§ Goal of the exercise: Pictures stay out of the copy. Retype exactly, and only, the lines from the one containing "KIMONO BOA FLEECE HOODIE BLACK" through the end of the listing below.

§ Given data:
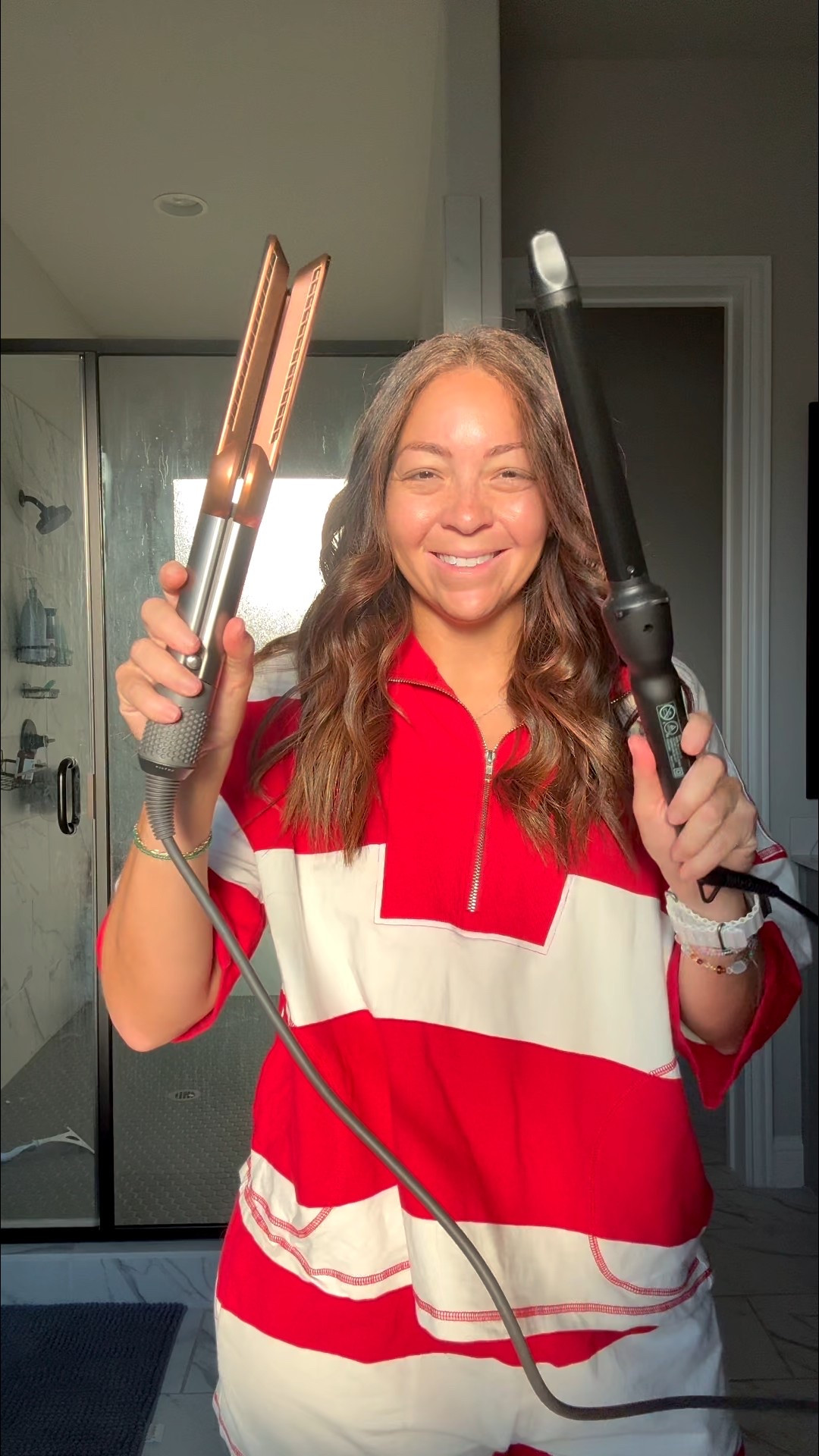 wet to straight hair then some curl. these two i don’t leave home without ✨ i got the refurbished blowdryer and she works just fine 👏🏼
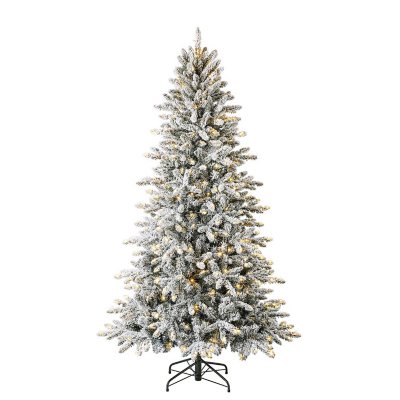 Member's Mark 7.5' Pre-Lit Color Changing Micro LED Flocked Aspen Pine ...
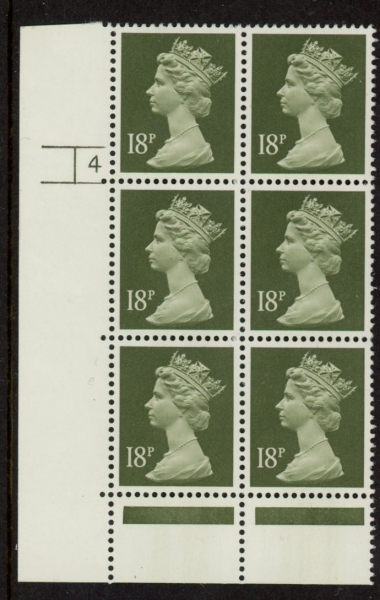 U256 (x955) Harrison 18p dp. olive-grey (ACP) PVAD. cyld.4 no dot U/M (MNH) U256 (x955) Harrison 18p dp. olive-grey (ACP) PVAD. cyld.4 no dot U/M (MNH)
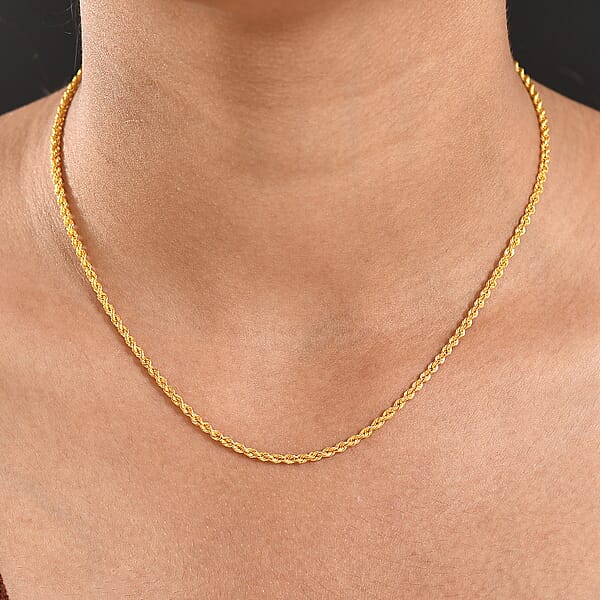 Rope Chain Necklace In 22K Yellow Gold 4.36 Grams 20 Inches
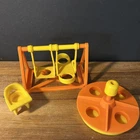 Vintage Fisher Price Little People Playground: Merry Go Round, Swing, Chair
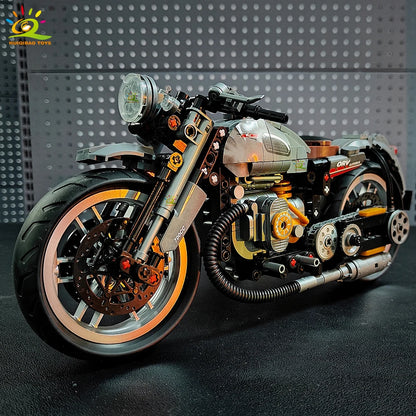 HUIQIBAO 808PCS MOC Technial Motorbike Building Model Blocks City Moto Racer Bricks Toy for Kids Boy Children Adult Car Set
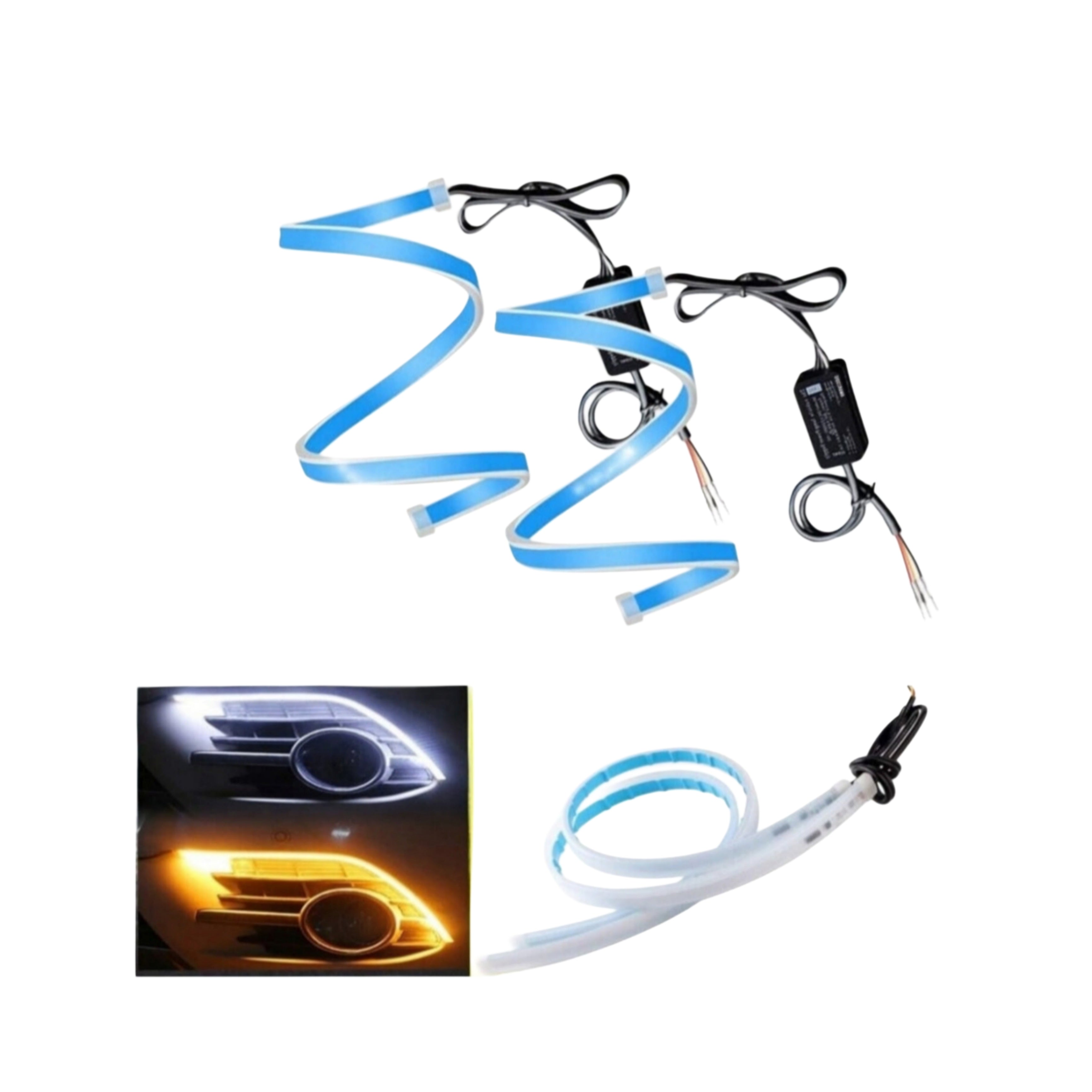Flexible LED for CAR 2PCS - Car Headlights, Lighting SET, 60cm, LED Strip, White &amp; Yellow.
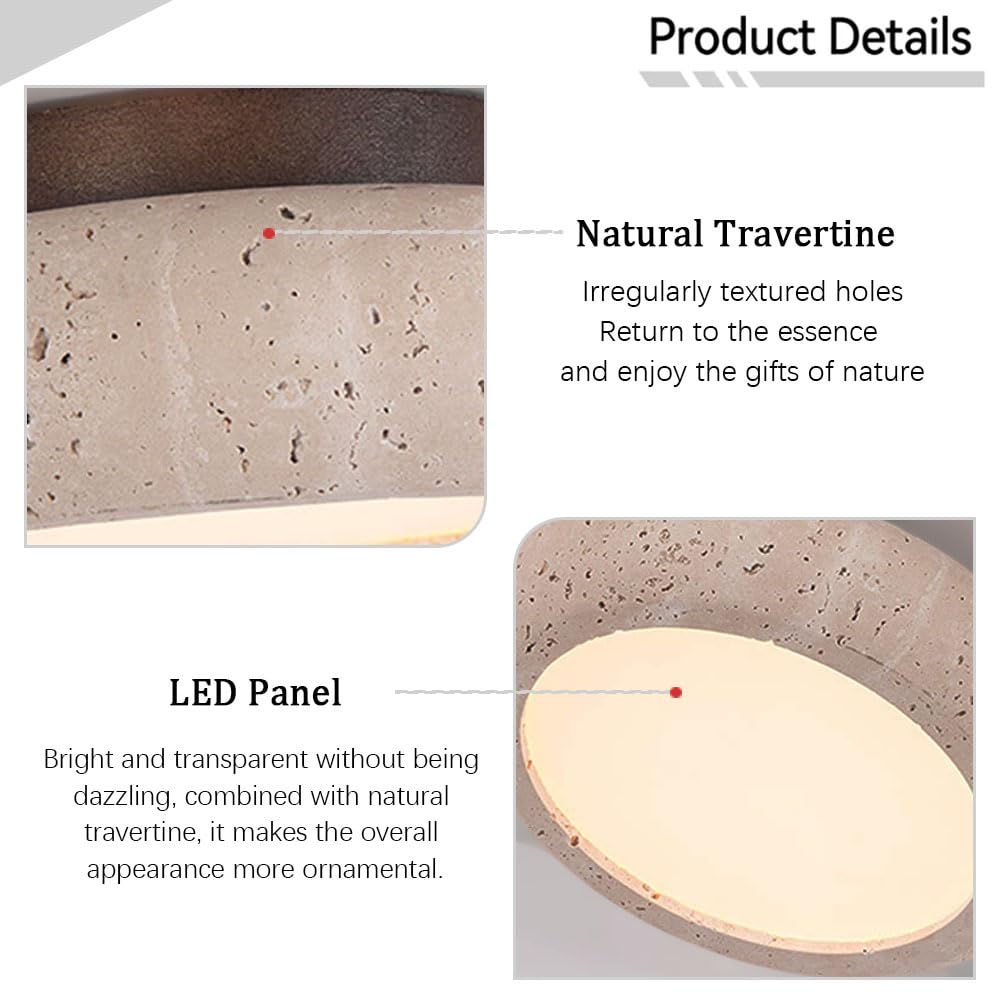 Lampa sufitowa LED 15 cm, Lampa sufitowa z naturalnego kamienia, Mały żyrandol wpuszczany, Lampa kamienna z połowy XX wieku, Ciepłe światło - 6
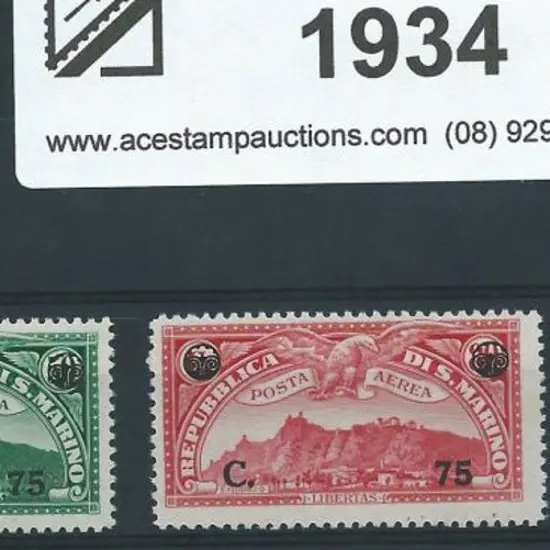 San Marino 1936 Air Provisionals. 1948 100 lire on ...
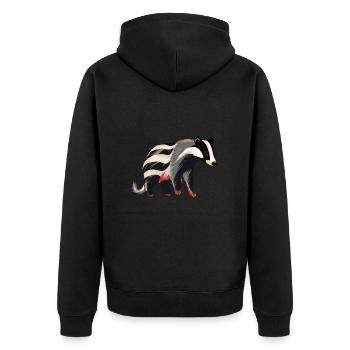 Blaireau Aquarelle Colorée Dessin Animé Kawaii Animal - Veste à capuche bio Premium Unisexe - noir - Dos - Nico (187cm)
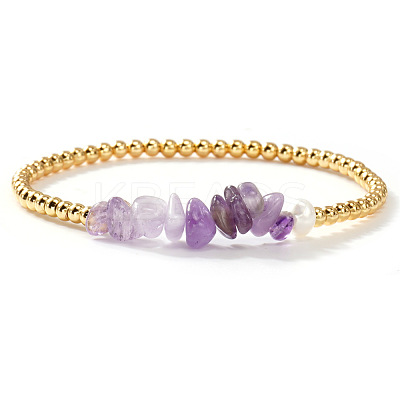 Brass & Natural Amethyst Chip Beads Stretch Bracelets for Women DR0558-4-1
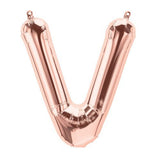 Rose Gold Letter V Balloon AIR FILLED SMALL 41cm #01358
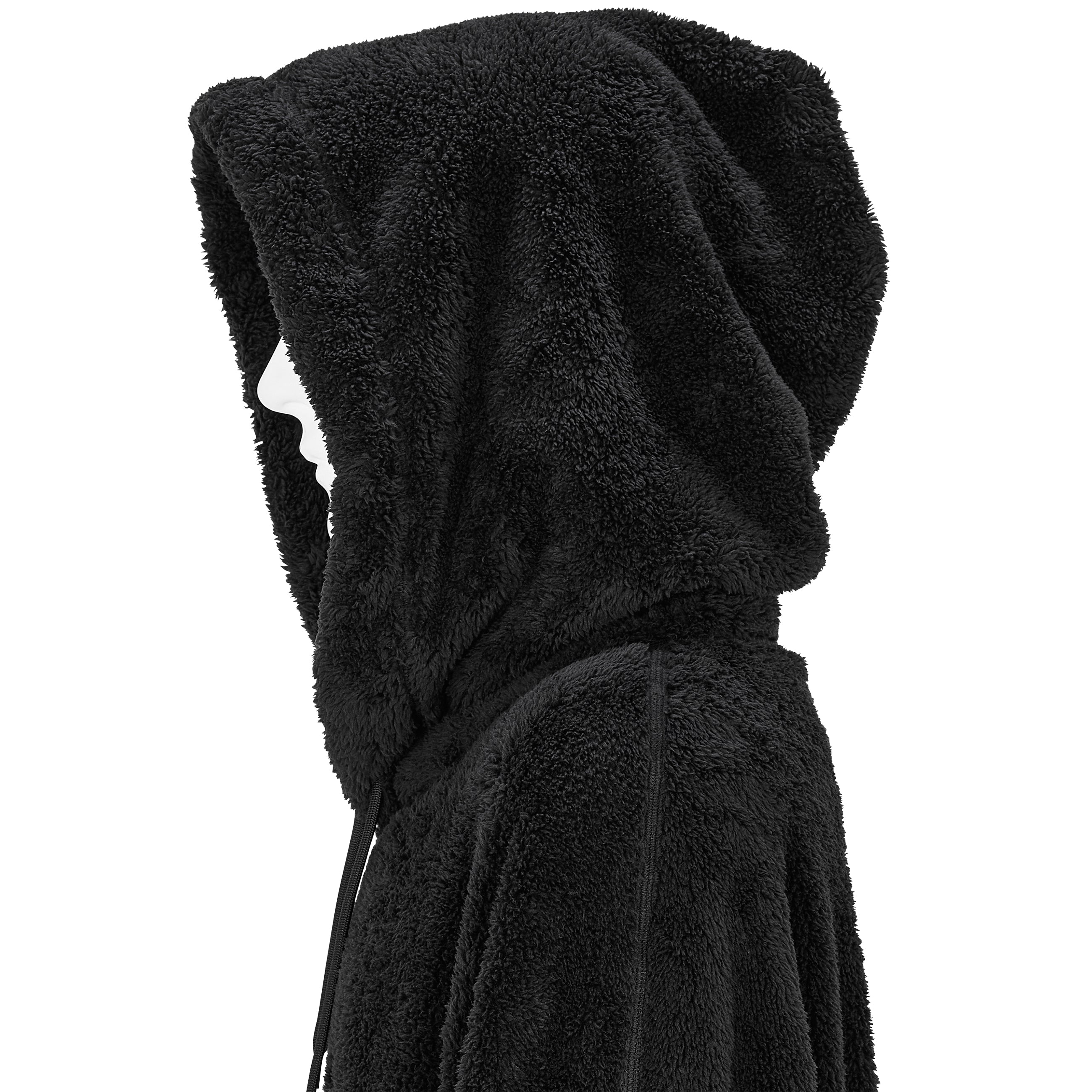KIMONO BOA FLEECE HOODIE BLACK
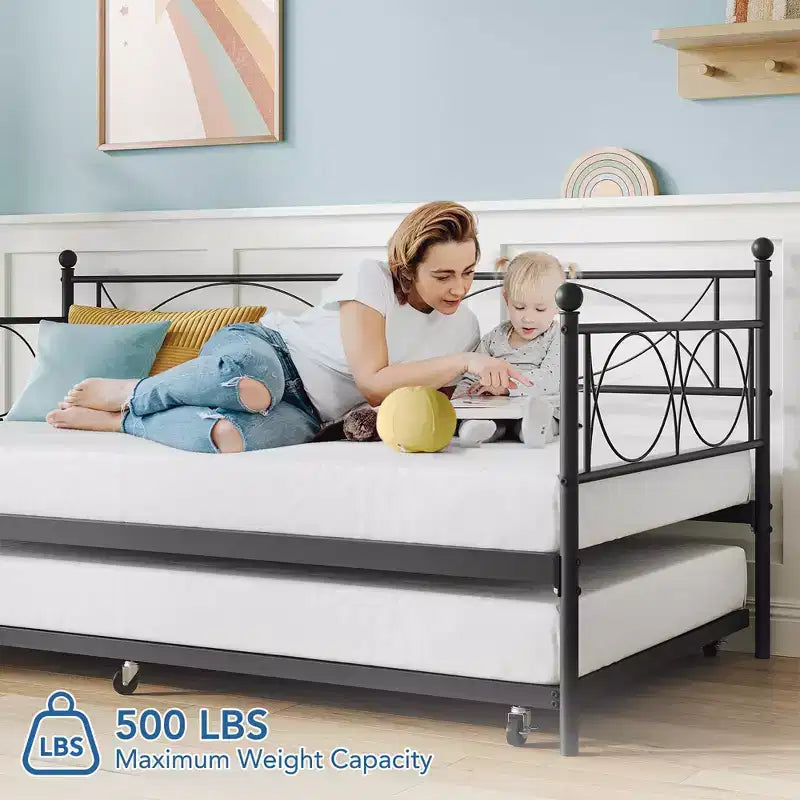 Lit de repos jumeau avec lit gigogne, Ensemble lit de repos et lit gigogne jumeau en métal, Cadre de lit de repos avec support de lattes en acier, Cadre de lit de repos multifonctionnel pour chambre à coucher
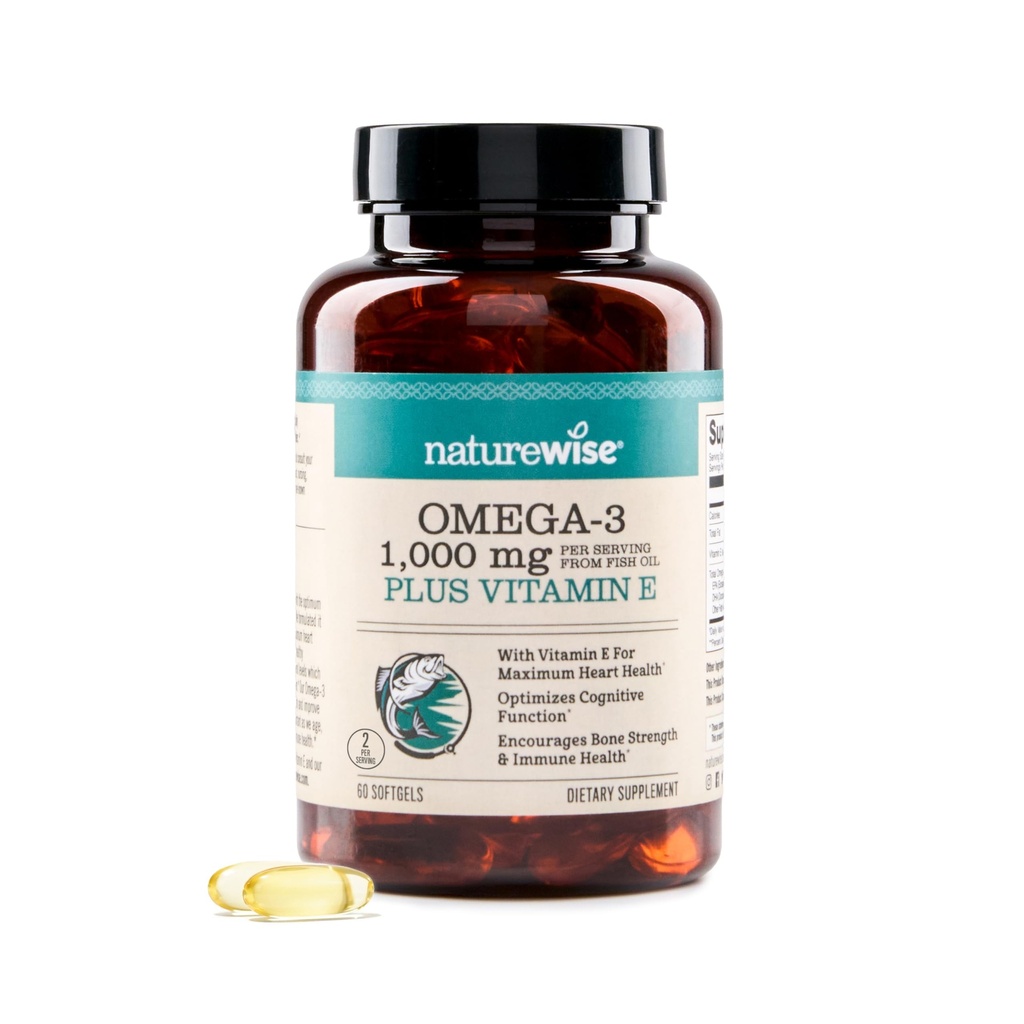 NatureWise Extra- Strength Omega 3 Fish Oil Supplement - 1000mg per servering - 600 EPA & 400 DHA og E-vitamin - Støtte til hjerte & hjerne sundhed - Lemon Flavor, GMO- Free - 60 Softgels [1-måned Supply]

§ Answer for this exercise:
KIMONO BOA FLEECE HOODIE BLACK
 Lit de repos jumeau avec lit gigogne, Ensemble lit de repos et lit gigogne jumeau en métal, Cadre de lit de repos avec support de lattes en acier, Cadre de lit de repos multifonctionnel pour chambre à coucher
 NatureWise Extra- Strength Omega 3 Fish Oil Supplement - 1000mg per servering - 600 EPA & 400 DHA og E-vitamin - Støtte til hjerte & hjerne sundhed - Lemon Flavor, GMO- Free - 60 Softgels [1-måned Supply]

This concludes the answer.